Consider a couple of examples:
What are some approaches/strategies I can use to prevent this scenario from occurring? (I am only interested in monitoring of errors generated by the script, infrastructure issues are beyond the scope of this solution)
I going to assume that I can almost always uniquely identify errors using a digest of some of the values passed to the error handler callback set by set_error_handler.
The first and probably most obvious solution is recording in a database and only send the email if a reasonable minimum period of time has passed since it last occurred. This isn't the ideal approach especially if the database is causing the problem. Another solution would be to write files to disk when errors occur and check if a reasonable minimum period of time has passed since the file was last modified. Is there any mechanism to solve this problem beyond the two methods I have described?
Have you tried looking into monitoring software like SiteScope?
Why not simply allow them all to be sent out and then collect and store them in a database on the recipient end. That way you bypass the possibility of the database being the problem in the server.
Also, a greater advantage in my opinion, is that you don't arbitrarily throw out valuable forensic data. Post hoc analysis is very important and any kind of filtering could make it incredibly difficult, or impossible.
What i did was monitoring the error log, and sending a digest every 5 minutes. I'd like to think it's because of my high quality code (versus an unpopular app!), but i don't get hassled too much :P I basically read the log file from end to start, parse error messages, and stop when the timestamp < the last time i ran the job, then send a simple email.

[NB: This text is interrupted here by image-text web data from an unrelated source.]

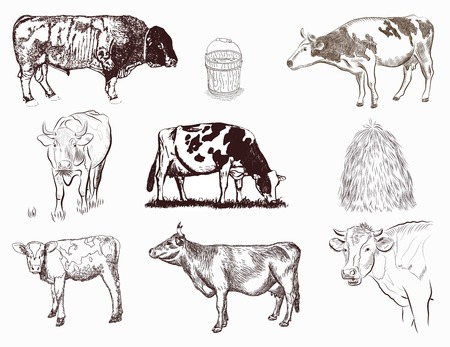 mammals - vector set of different tipe of cowsのイラスト素材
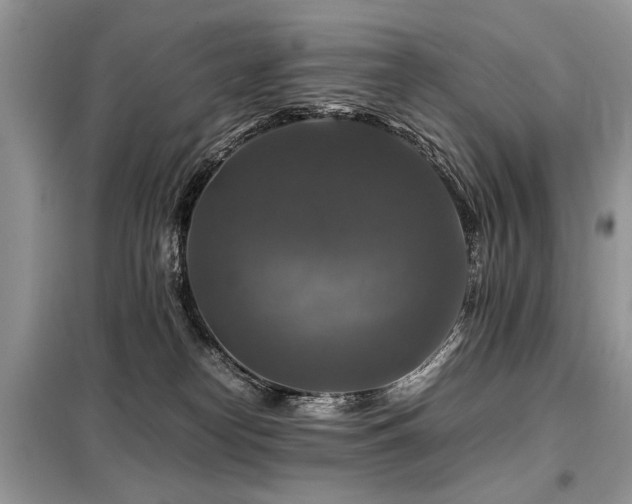 X0000099410182200805091228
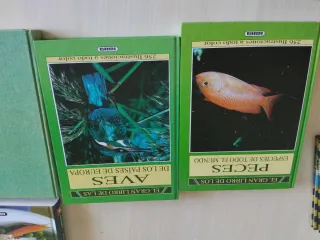 Libros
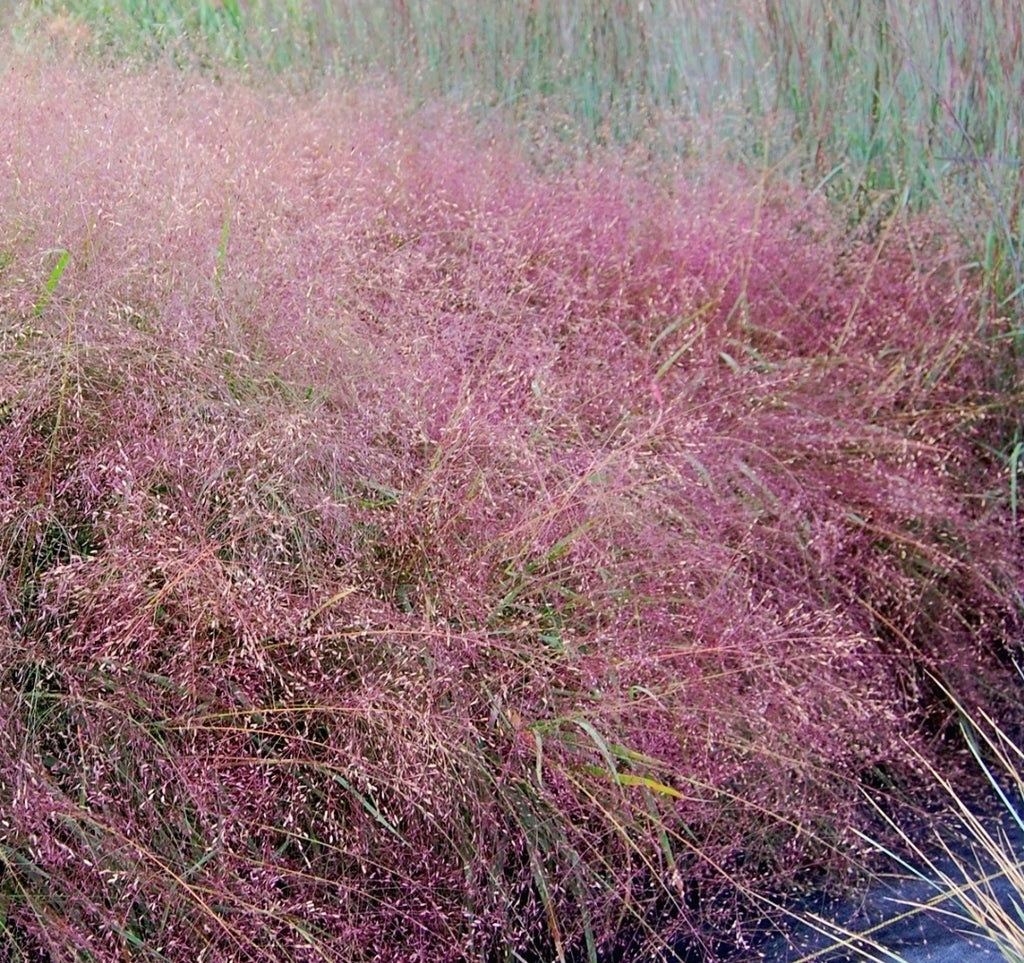 Eragrostis Spectabilis Snuggy Grass Seeds - NEW!
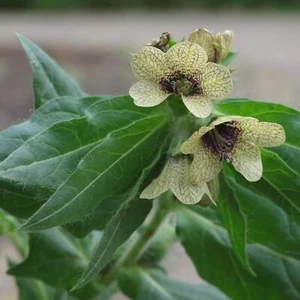 Schwarzes Bilsenkraut (Hyoscyamus niger) Bio - ca. 100 Samen - Bild 1 von 10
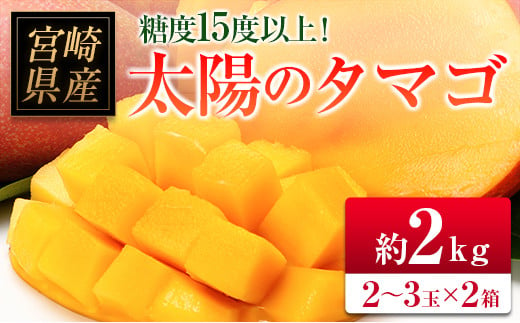 □糖度15度以上！宮崎県産 「太陽のタマゴ」（合計約2kg）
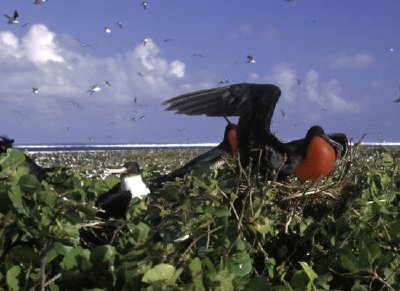 Refugio Nacional de Vida Silvestre de Johnston Island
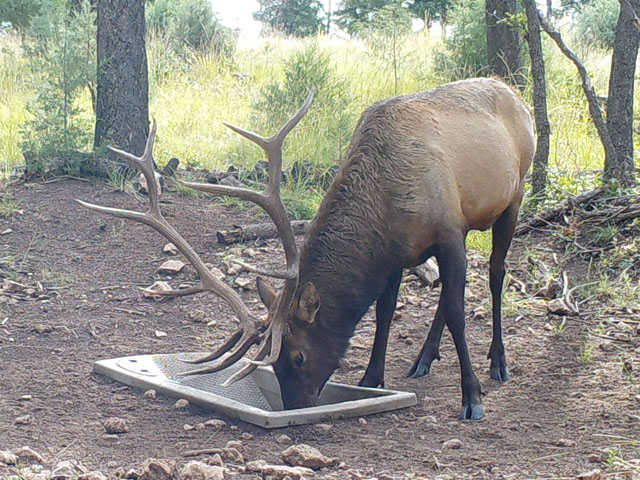 SP-Mescalero-110.jpg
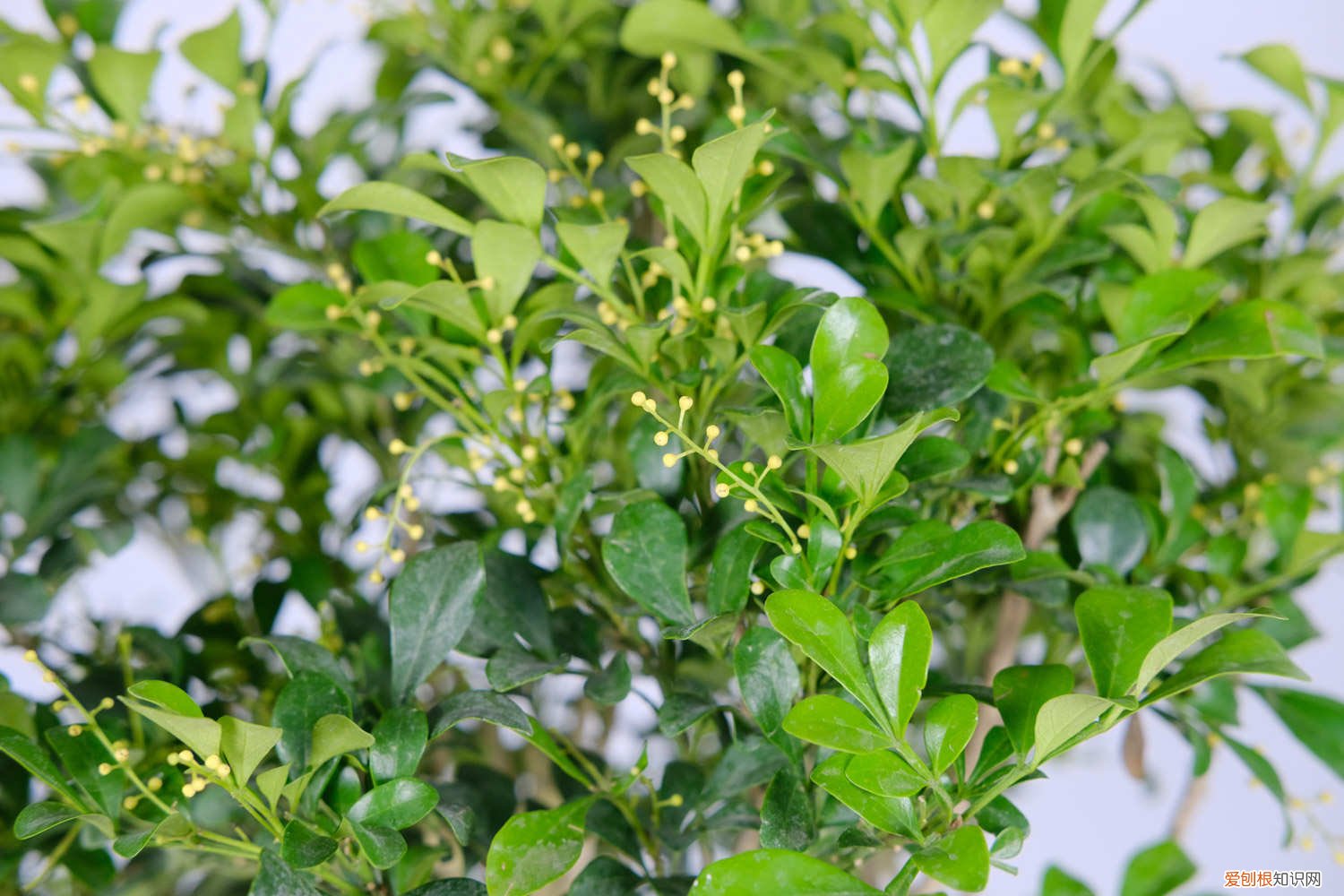 米兰花怎么养好 米兰花怎么养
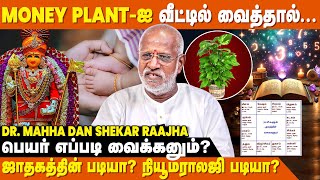 குலதெய்வ அருளை முழுமையாக பெற இதை செய்யுங்க..| Mahha Dan Shekar Raajha | Name Change Numerology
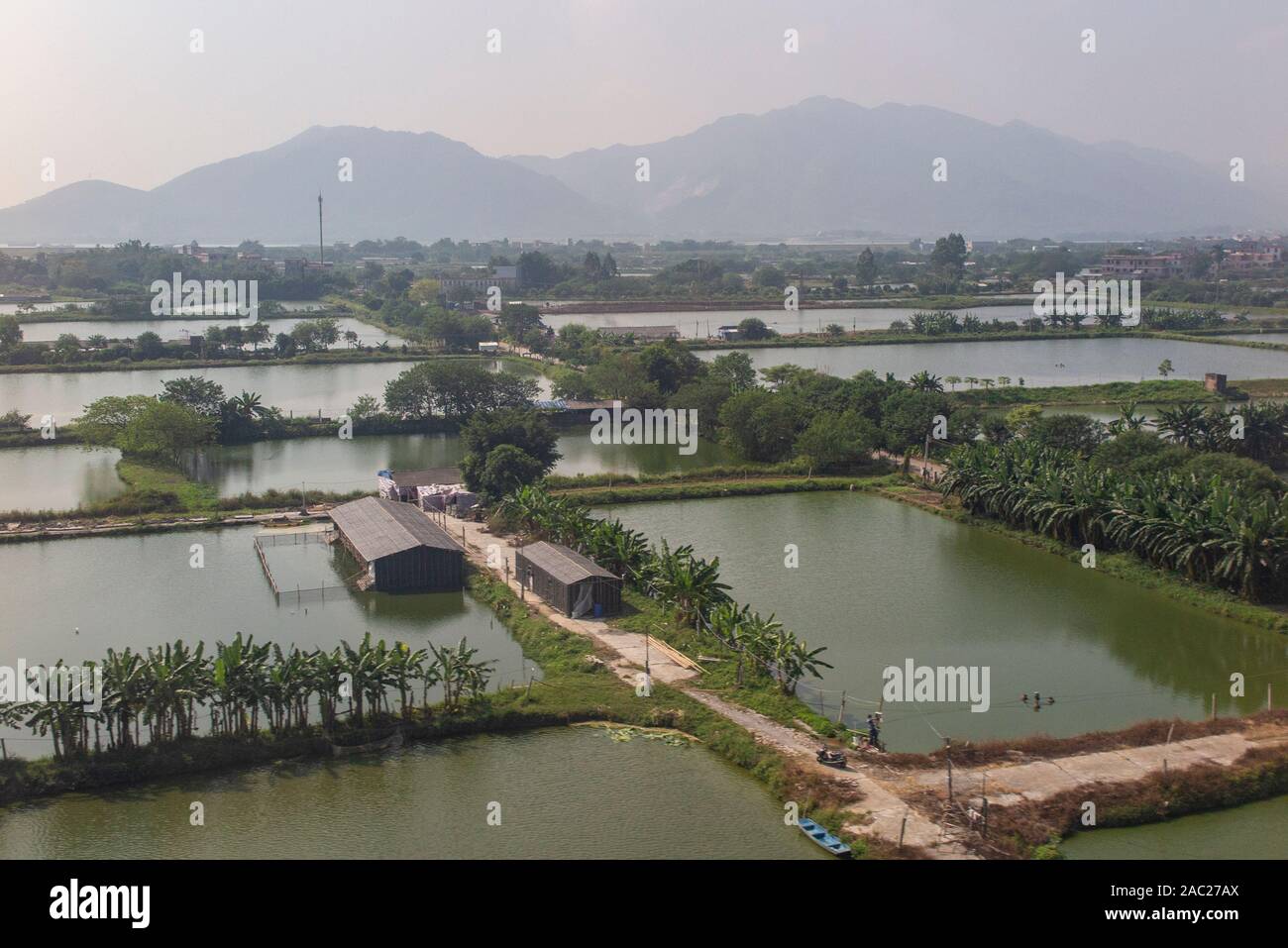 Eine Szene eines ländlichen Raum der Bay Area - Guangdong-Hong Kong-Macau, entwickelte sich sehr schnell für die Industrie und Fertigung, Stockfoto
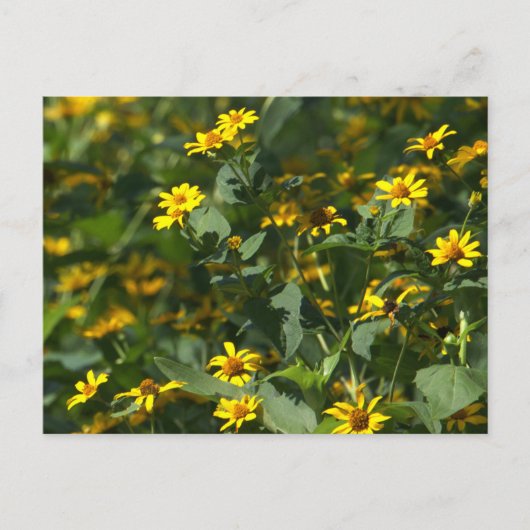 Yellow Daisies Foto Briefkaart (Voorkant)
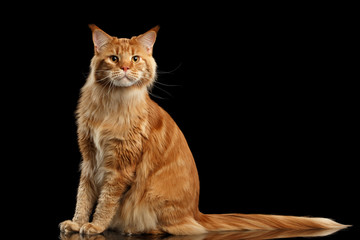 Ginger Maine Coon Cat with Long Tail Sitting and Curious Looking in Camera Isolated on Black...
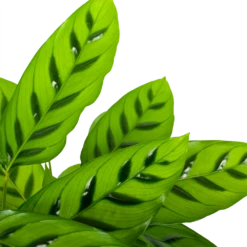 Nieuwe uitgaven -Buitentuinwinkel calathea leopardina schaduwplant p17 h70 5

This works well enough. However, if you use POST alot, there is a limited amount of information you could get from correlating the apache access log with your php error log. I remember reading about a module to log POSTs to a file from within apache, but don't remember the specifics.
However, if you're willing to use the error handler to write somewhere, that might be best as you've got access to much more information. ip, session id (and any user information, which might impact settings, like pagination or whatever), function arguments (debug_backtrace, or whatever it is) ... Write every error, just send messages when new errors occur, or after an error has been acknowledged (if you care to write such a system).
You should go ahead and generate whatever log files you want. But instead of sending the emails yourself, hook the logs up to a monitoring system like Nagios. Let the monitoring solution decide when to alert the admins, and how often.